The question arises, of course, whether the Court's remarkable reversal in attitude, just recorded, is to be set down to the credit of the President's Court proposal. To some extent perhaps, but certainly not altogether. The lesson of the November election could have been lost only on members of the Bench with a messianic complex of some sort; and the CIO "sit-down strikes" must also have had a profound effect in the demonstration which they afforded that the country is not to be governed by the simple expedient of tossing acts of Congress out of the window.
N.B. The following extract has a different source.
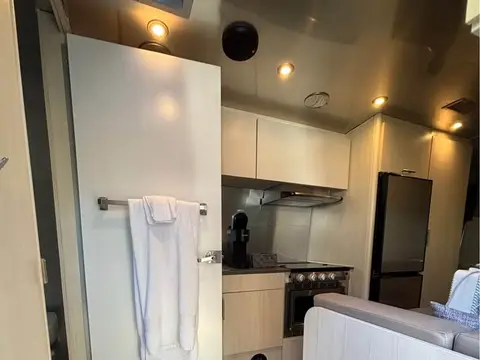 2023 Airstream Flying Cloud 23FB — photo 4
On the other hand, the confirmation which these decisions lend to the major premise of the President's argument for his proposal, of the essentially political nature of the Court's function today in the constitutional field, is impressive. Nor is the contention which is now forthcoming from certain opponents of the idea of reconstituting the Court entirely conclusive. Why, they ask in effect, follow up a successful shotgun wedding by shooting the bridegroom? Why indeed; but what of taking precautions to make it reasonably probable that the bridegroom will now turn to and support the family?